Top of DATA SHOWN

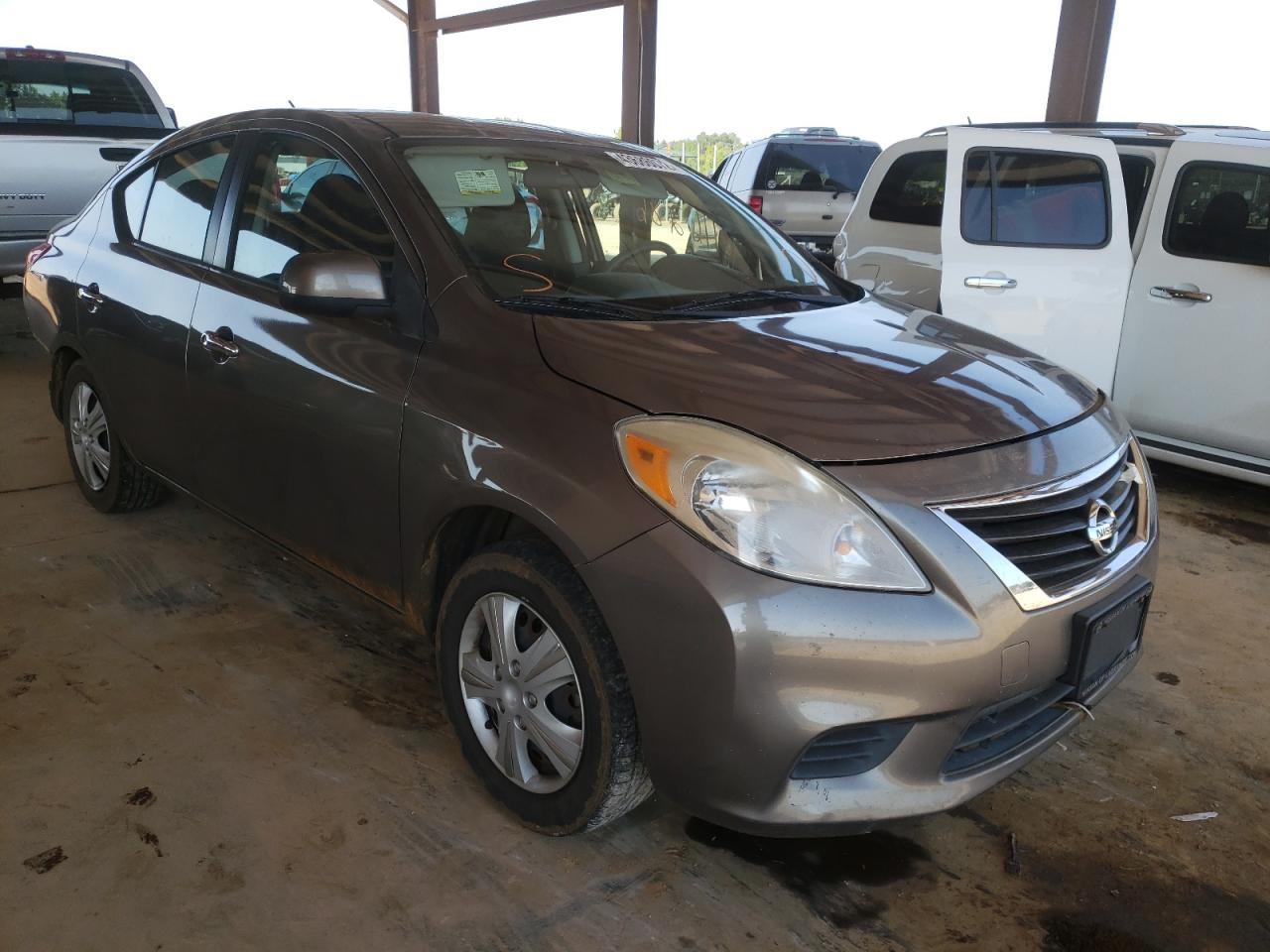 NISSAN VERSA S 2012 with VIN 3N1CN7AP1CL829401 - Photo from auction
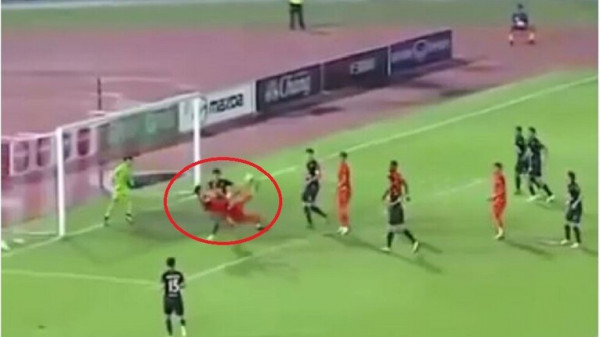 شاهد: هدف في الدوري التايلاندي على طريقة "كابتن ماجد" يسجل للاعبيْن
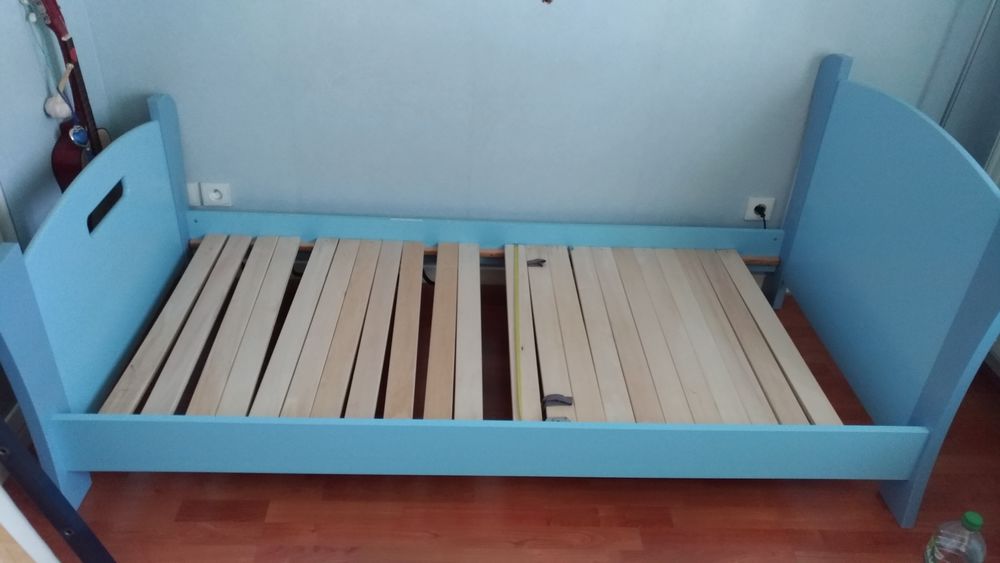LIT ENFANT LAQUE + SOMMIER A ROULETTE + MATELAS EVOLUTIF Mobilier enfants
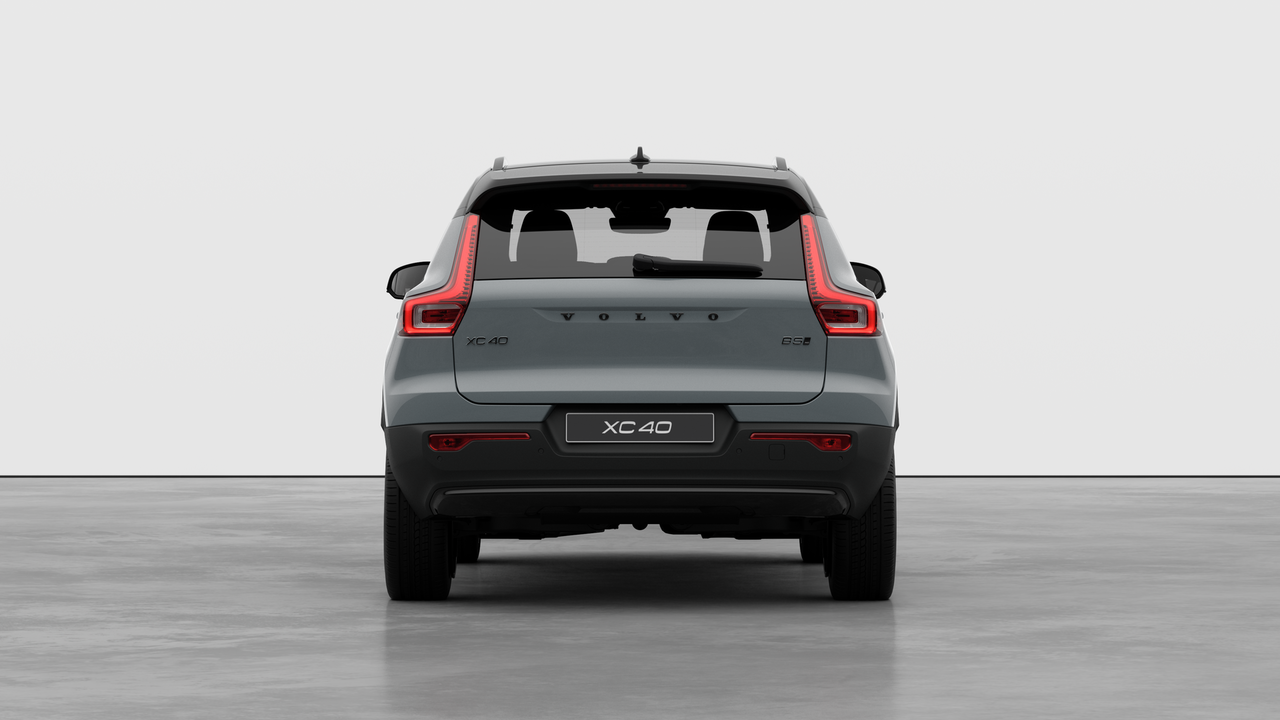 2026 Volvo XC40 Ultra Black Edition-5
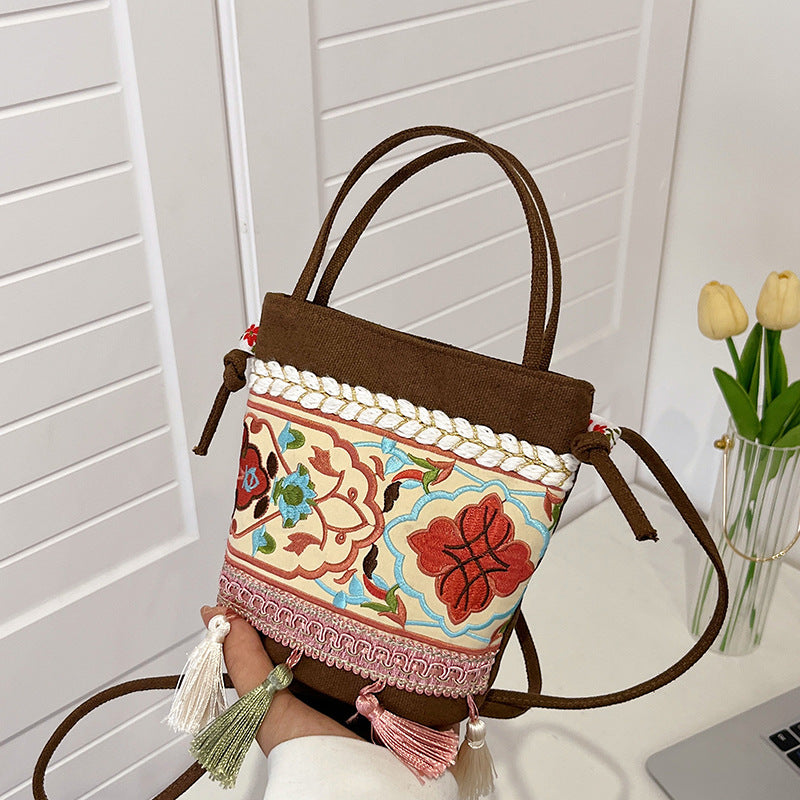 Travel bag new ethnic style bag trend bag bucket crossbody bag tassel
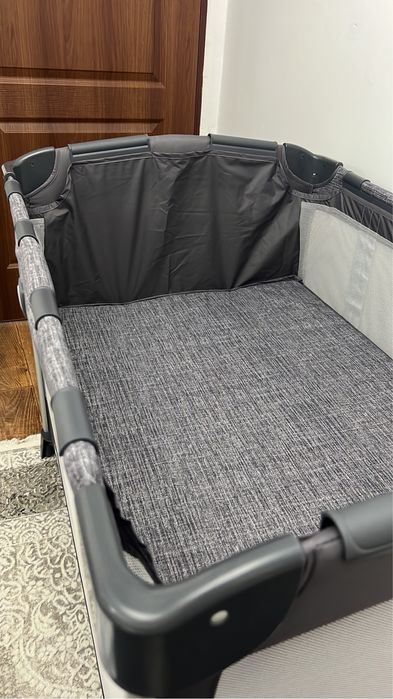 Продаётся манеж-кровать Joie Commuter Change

Bottom of DATA SHOWN
Top of DATA SHOWN

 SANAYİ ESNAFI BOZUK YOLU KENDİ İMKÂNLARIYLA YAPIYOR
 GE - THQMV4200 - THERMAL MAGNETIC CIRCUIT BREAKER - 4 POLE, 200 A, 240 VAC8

Bottom of DATA SHOWN

In the material above, one part opens with the line containing "NISSAN VERSA S" and closes with the line containing "Продаётся манеж-кровать Joie Commuter Change". Write out that part exactly and skip its pictures.

 NISSAN VERSA S 2012 with VIN 3N1CN7AP1CL829401 - Photo from auction
 شاهد: هدف في الدوري التايلاندي على طريقة "كابتن ماجد" يسجل للاعبيْن
LIT ENFANT LAQUE + SOMMIER A ROULETTE + MATELAS EVOLUTIF Mobilier enfants
 2026 Volvo XC40 Ultra Black Edition-5
 Travel bag new ethnic style bag trend bag bucket crossbody bag tassel
 Продаётся манеж-кровать Joie Commuter Change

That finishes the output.